DESCRIPTION OF THE TASK:
All lines from the one containing "4 of 19 - 2706 72nd St W, Lehigh Acres, FL" through the end of the data below are to be repeated exactly, with pictures left out.
━━━━━ DATA PROVIDED ━━━━━
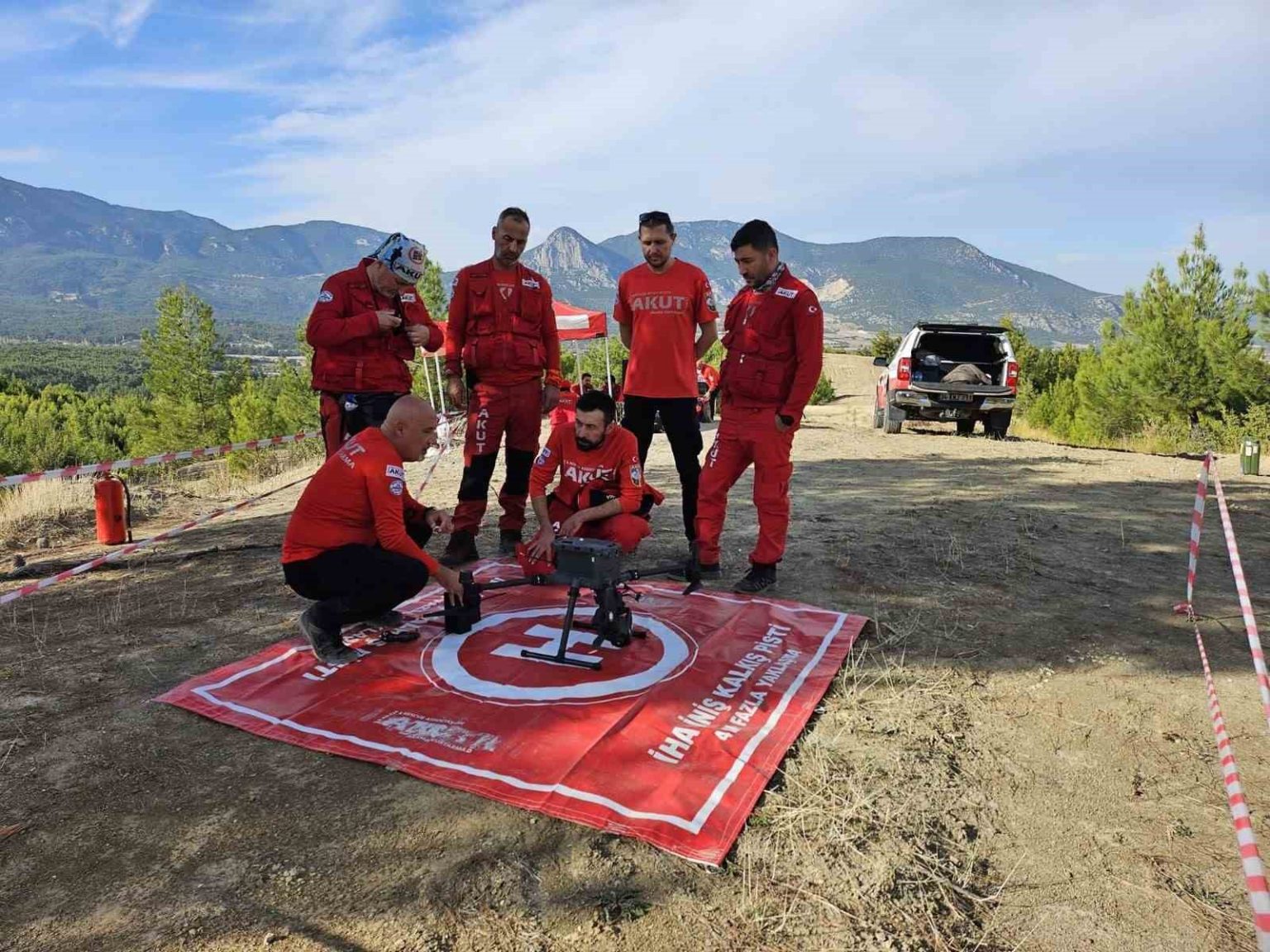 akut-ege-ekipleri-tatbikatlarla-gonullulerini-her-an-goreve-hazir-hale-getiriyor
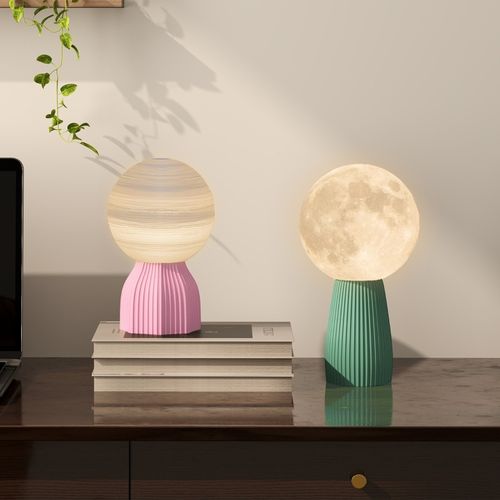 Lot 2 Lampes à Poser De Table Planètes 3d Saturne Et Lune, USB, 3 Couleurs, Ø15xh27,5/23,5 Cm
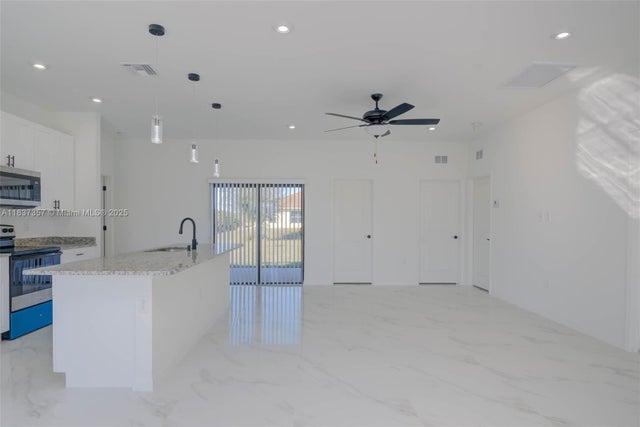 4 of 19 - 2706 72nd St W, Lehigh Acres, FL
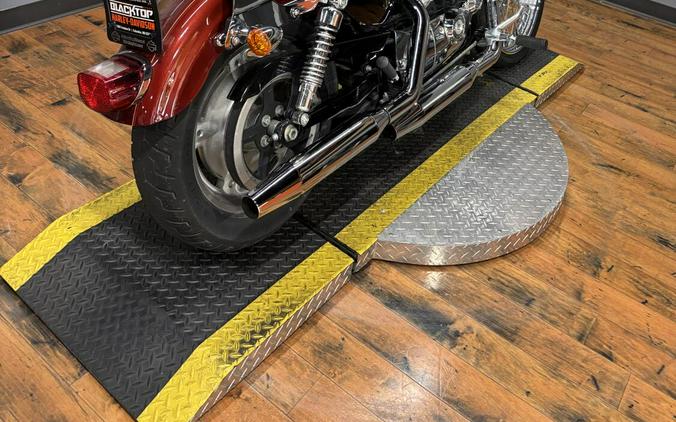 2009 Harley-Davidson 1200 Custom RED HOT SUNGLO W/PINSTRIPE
━━━━━
TASK OUTPUT:
 4 of 19 - 2706 72nd St W, Lehigh Acres, FL
 2009 Harley-Davidson 1200 Custom RED HOT SUNGLO W/PINSTRIPE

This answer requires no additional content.